Gemini flags re-rating potential if SCALE gains traction but overlooks that GFS's dominant auto and industrial exposure will anchor multiples regardless of photonics wins. Those segments remain cyclical and margin-compressed, so even 500 design wins won't lift the stock out of its foundry discount until legacy revenue shrinks materially. The 2026 timeline only widens this earnings mismatch.
"GFS's re-rating depends on photonics margin profile, not just revenue volume—but the revenue threshold to matter is higher than the article implies."
Grok's cyclicality anchor is real, but underestimates GFS's margin profile shift. Auto/industrial run 20-30% gross margins; specialty silicon photonics could hit 50%+ if yields stabilize. The mix rerating matters more than absolute revenue. However, Grok's right that legacy drag persists—GFS needs photonics to be 15-20% of revenue by 2027, not 5%, to move the needle on valuation multiple. That's aggressive given current design-win stage.
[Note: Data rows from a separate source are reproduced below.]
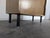 Vintage Modernist Oak Storage Unit For Sale - Image 4 of 6
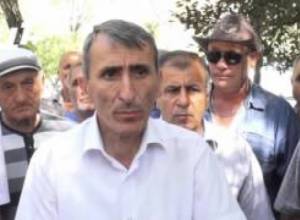 Ազատամարտիկը հորդորում է տեղի ունեցածին քաղաքական աստառ չտալ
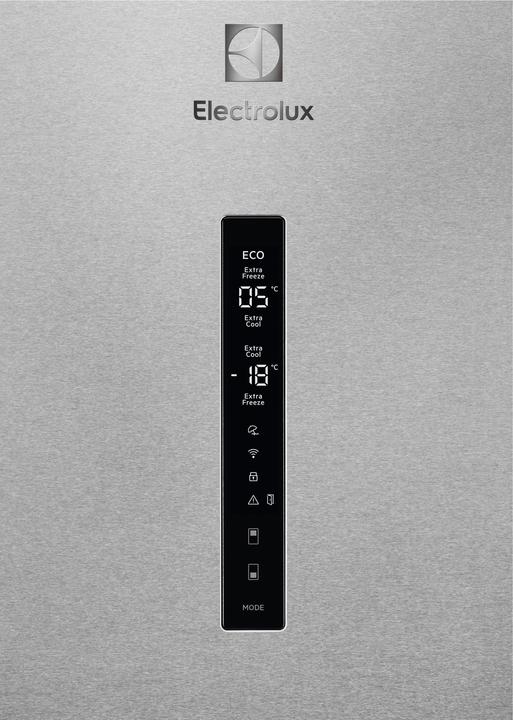 Immagine prodotto Electrolux SB330NICN (330 l)
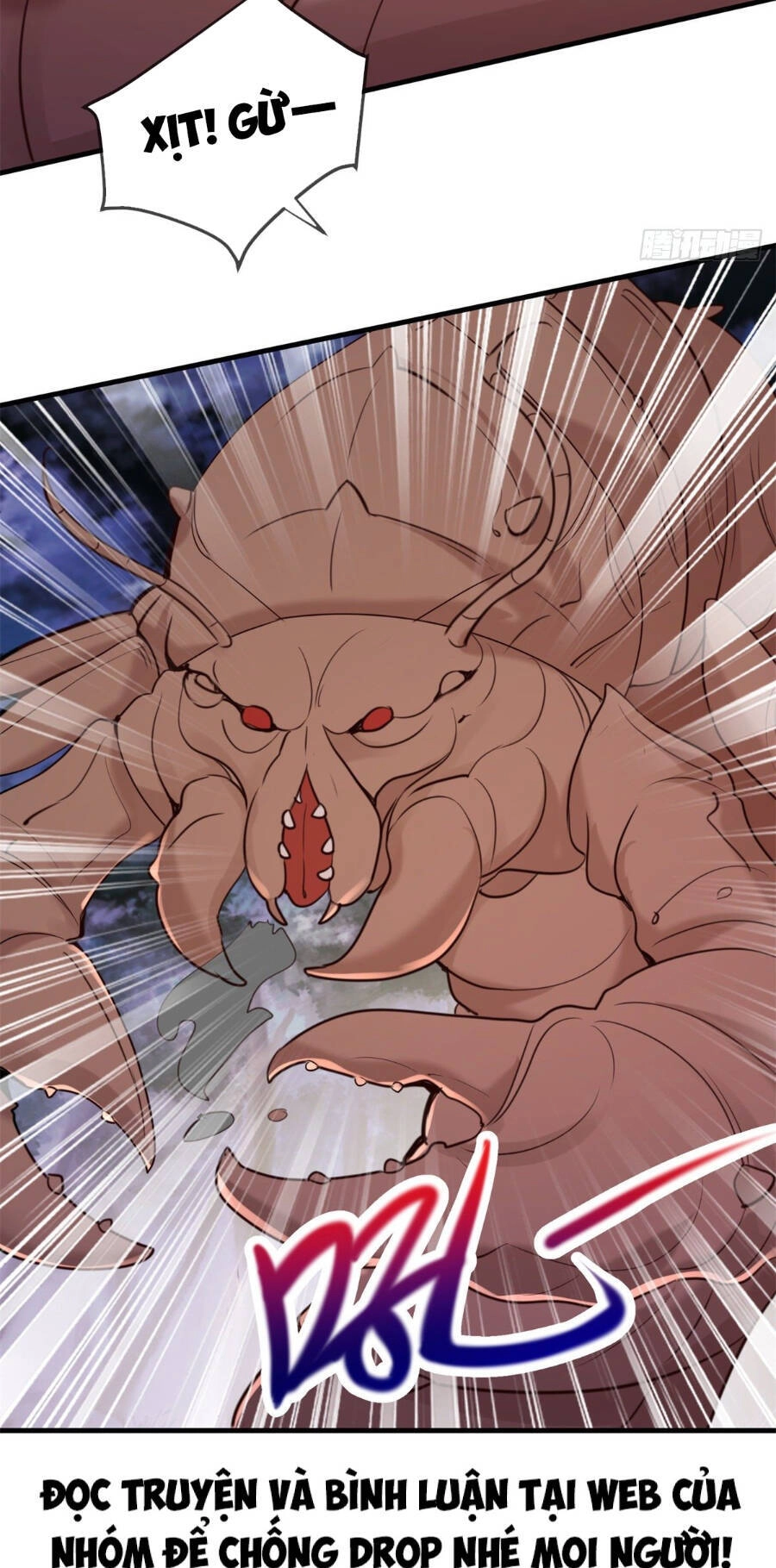 Trọng Sinh Địa Cầu Tiên Tôn Chapter 160 - 34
"Hyperscalers will commoditize GFS's photonics manufacturing to prevent vendor lock-in, neutralizing potential margin expansion."
Claude, you’re overly optimistic on margin expansion. Even if photonics hits 50% gross margins, GFS’s high fixed-cost structure and intense R&D requirements for SCALE will cannibalize those gains. We’re ignoring the 'Foundry Trap': hyperscalers will demand aggressive pricing to subsidize their own optical integration risks. GFS isn't just selling a component; they are selling a manufacturing service that hyperscalers will commoditize as fast as possible to protect their own data-path leverage.
"Scale-up optics yields and volume manufacturing economics are the gating item; without them, SCALE may not deliver meaningful margin uplift even with design wins."
Gemini's 'Foundry Trap' warnings are valid, but they understate the execution risk. The real bottleneck isn't pricing leverage from hyperscalers; it's scale-up economics: co-packaged optics must achieve high yields and low defectivity at volume. Without that, 50% photonics gross margins stay aspirational. 500 design wins don't guarantee a profitable ramp. Interoperability, tool-chains, and capital intensity could crush the margin expansion thesis even if SCALE signs on a few hyperscalers.
While GlobalFoundries' SCALE platform holds promise in addressing AI's data transport bottlenecks, panelists express concerns about execution risks, competition, and the challenge of shifting GFS's valuation from a legacy foundry to a high-growth AI infrastructure play.
Potential re-rating of GFS's valuation if the SCALE platform gains traction with hyperscalers.
Proving silicon photonics yields and reliability at hyperscale, competition from other photonics players, and demand hinging on hyperscalers' standardization on a single vendor.